O yıllarda gözlük sektörü tek bir devin gölgesindeydi. Luxottica, fiyatları belirleyen tek güç olarak piyasayı kontrol ediyor, tüketicilerin başka seçeneği olmadığı için gözlükleri fahiş rakamlara satıyordu. Dünya çapında milyonlarca insan gözlüğe ihtiyaç duyduğu halde ona erişemiyordu.
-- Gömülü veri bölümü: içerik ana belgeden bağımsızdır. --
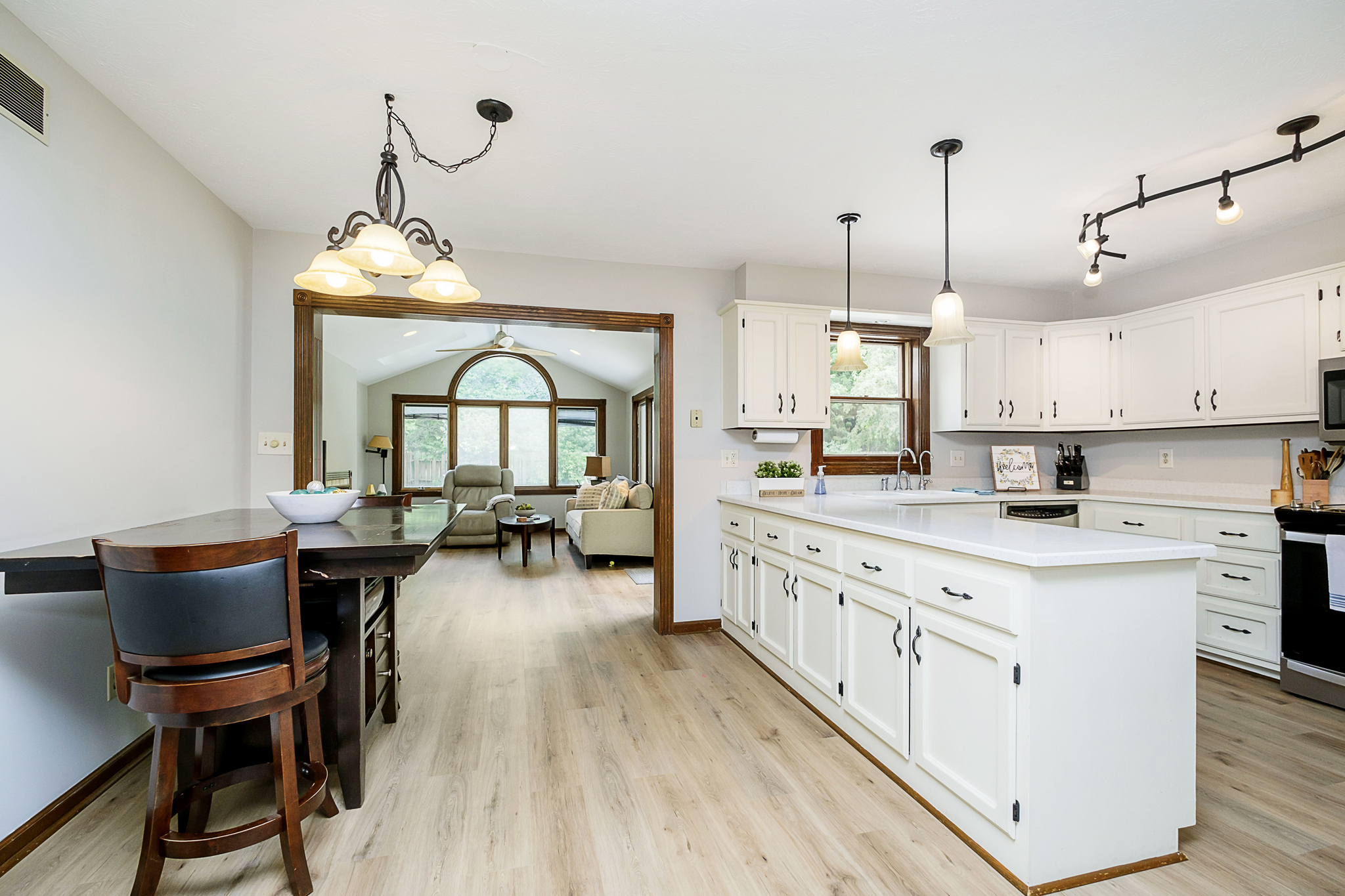 4952 Londonbury Drive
2008’de üniversite yıllarında dört arkadaş Neil Blumenthal, Andrew Hunt, David Gilboa ve Jeffrey Raider aynı sorunla karşılaştılar. İçlerinden biri seyahat sırasında gözlüğünü kaybettiğinde, yenisini almak öylesine pahalıydı ki yüksek lisansının ilk dönemini gözlüksüz, diğer arkadaşlarından bir ise numarası iki kez değişmesine rağmen pahalı camlar yüzünden aynı gözlüğü kullanmak zorunda kalır.
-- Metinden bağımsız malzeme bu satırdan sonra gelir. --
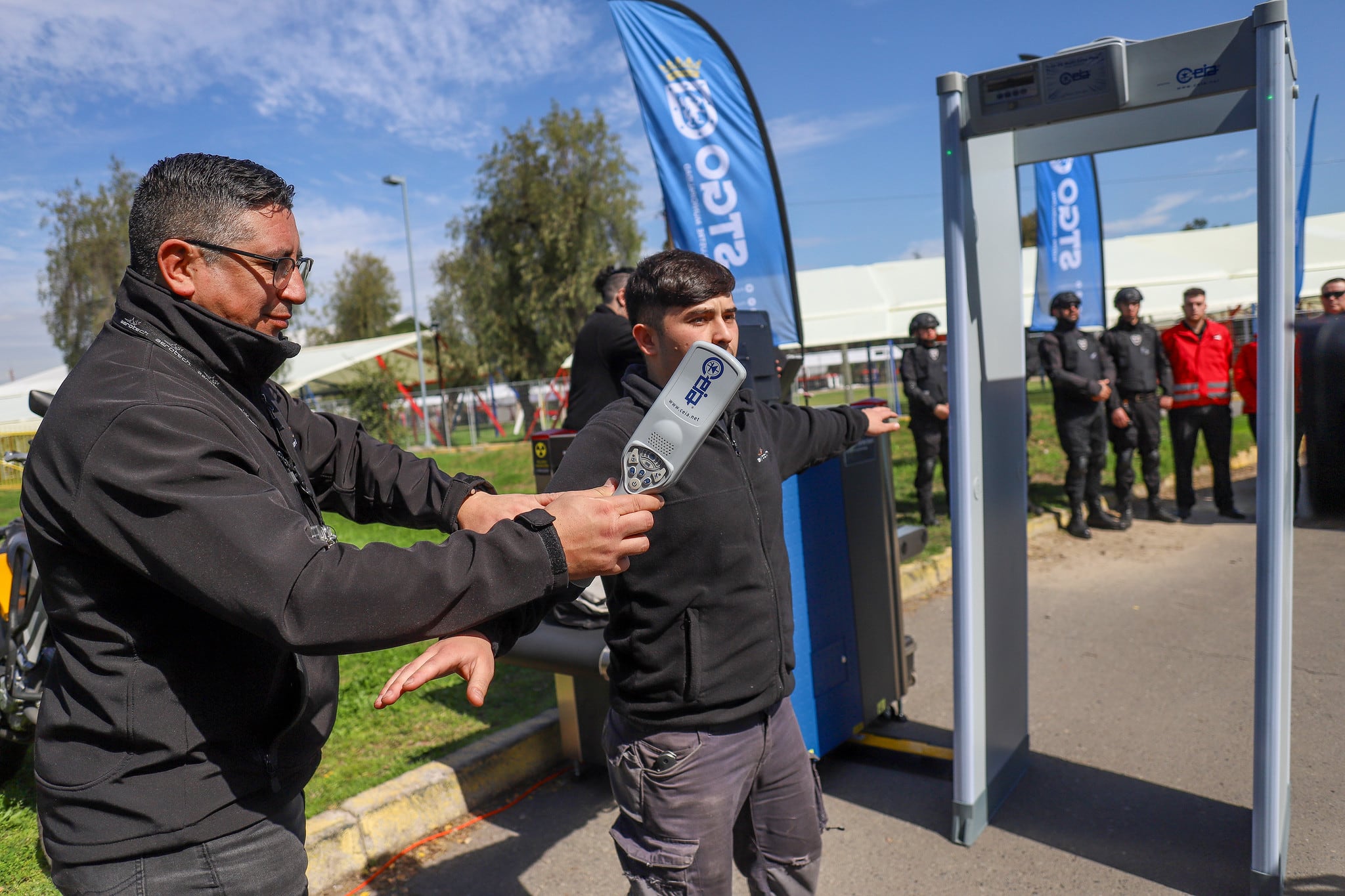Detectores de metales y rayos X: las medidas de seguridad que tendrá la Gran Fonda de Chile en el Parque O’Higgins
Tam da bu dönemde, Zappos’un internet üzerinden ayakkabı satışıyla yakaladığı başarıyı gördüler. Acaba gözlükte de aynı şey yapılabilir mi? diye düşündüler. Çevrelerinden Gözlük denenmeden alınmaz, bu iş tutmaz yorumlarını duysalar da vazgeçmediler. Amaçları basitti: mağazalarda 500 dolara satılan gözlükleri internet üzerinden yalnızca 95 dolara sunmak ve her satış için gelişmekte olan ülkelere bir gözlük bağışlamak.
2010’da Jack Kerouac’ın romanındaki iki karakterin isimlerini birleştirerek Warby Parker markasını kurdular. Başlangıçta günde bir-iki gözlük satmayı hedeflerken, GQ dergisinin onları Gözlük piyasasının Netflix’i olarak tanıtmasıyla işler değişti. Bir ay içinde bir yıllık satış hedeflerine ulaştılar. Ardından FastCompany’nin 2015 listesinde Dünyanın En Yenilikçi Şirketi seçildiler. Yıllık cirosu 100 milyon dolara ulaşan Warby Parker’ın değeri kısa sürede 1 milyar doları aştı.
Warby Parker, gözlüklerin tasarımından dağıtımına kadar tüm süreci kendi bünyesinde gerçekleştirerek aracıları ortadan kaldırdı. Üstelik müşterilere ücretsiz deneme imkânı sundular. Seçtiğiniz modeller adresinize geliyor, beğendiklerinizi satın alıyor, diğerlerini kolayca geri gönderebiliyorsunuz.
Markanın misyonu yalnızca uygun fiyatlı gözlük satmak değil; aynı zamanda dünyada fark yaratmak. “Bir Çift Al, Bir Çift Bağışla” programıyla bugüne kadar 20 milyondan fazla gözlük ihtiyaç sahiplerine ulaştırdılar. Çünkü Warby Parker’a göre herkesin görme hakkı var.
Warby Parker, yalnızca bir gözlük markası değil; sektörün kurallarını yeniden yazan, sosyal faydayı iş modelinin merkezine koyan bir girişim. Onların hikâyesi, iyi gözlük, iyi sonuç mottosunun canlı bir örneği. Ve unutmayalım, Warby Parker’ın başarısı çerçevelerinde atıyor. Klasik siyah çerçeveler, zamansız şıklığıyla markanın tercih edilen modellerinden. Siyah, sadeliği ile her yüze uyum sağlıyor. Benim de en sevdiğim renk. Bence gözlüğe yalnızca bir aksesuar değil, karakter katan bir detay.